### GIVEN MATERIAL
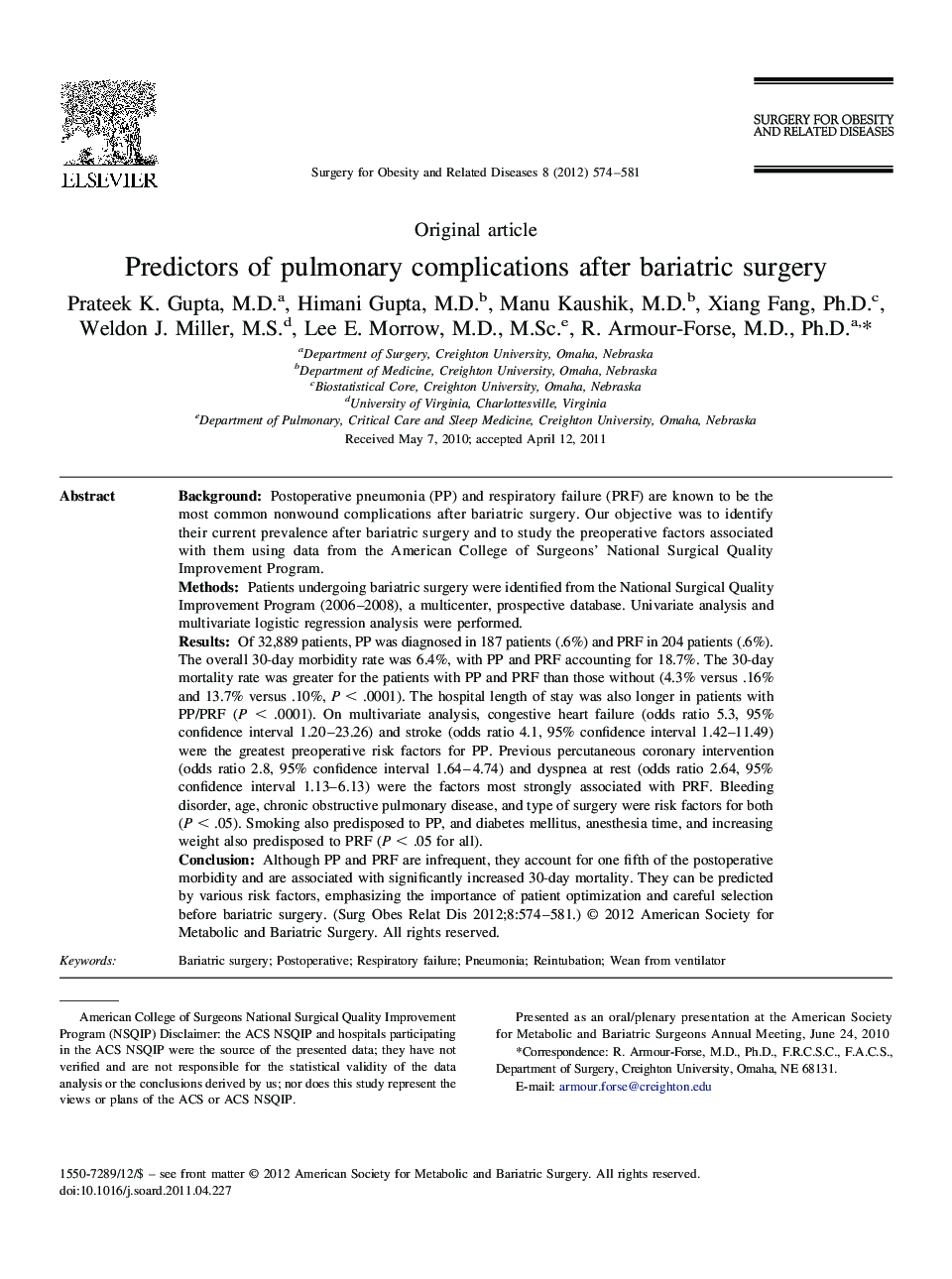 Predictors of pulmonary complications after bariatric surgery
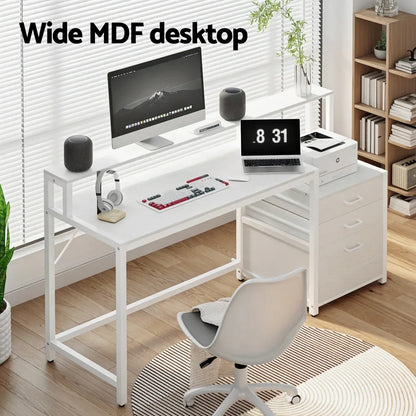 Artiss Computer Desk Home Office Study Table Desks w/Drawers Open Shelf White 160CM - Mekamart Australia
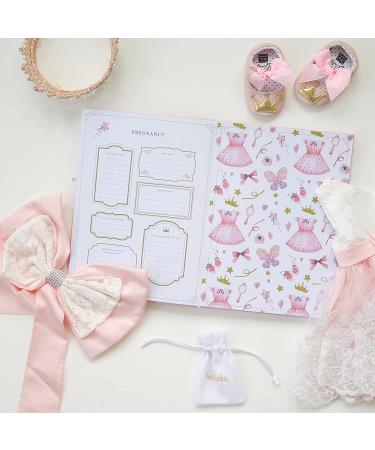 Rayne Baby Princess Memory Book Kit | Baby Journal Scrapbook with Keepsake Box, Pouches & Boho Milestone Stickers | Girl Baby Album | Perfect Princess Baby Gift - Buy Online on SooperMarket.com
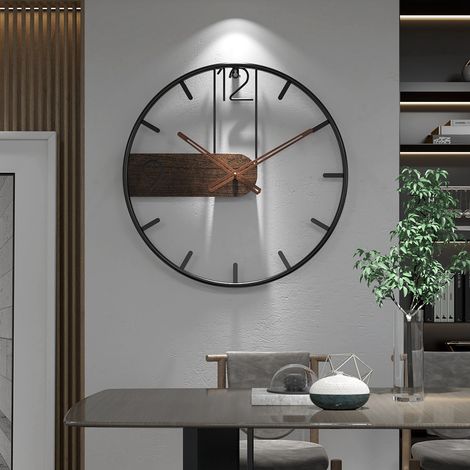 Elegante y discreto reloj de pared de hierro forjado de estilo nórdico, silencioso, 50 cm. (1/5)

### WHAT THE EXERCISE ASKS
Write the listing above out again exactly, dropping each image.

### OUTPUT FOR THIS TASK
 Predictors of pulmonary complications after bariatric surgery
 Artiss Computer Desk Home Office Study Table Desks w/Drawers Open Shelf White 160CM - Mekamart Australia
 Rayne Baby Princess Memory Book Kit | Baby Journal Scrapbook with Keepsake Box, Pouches & Boho Milestone Stickers | Girl Baby Album | Perfect Princess Baby Gift - Buy Online on SooperMarket.com
 Elegante y discreto reloj de pared de hierro forjado de estilo nórdico, silencioso, 50 cm. (1/5)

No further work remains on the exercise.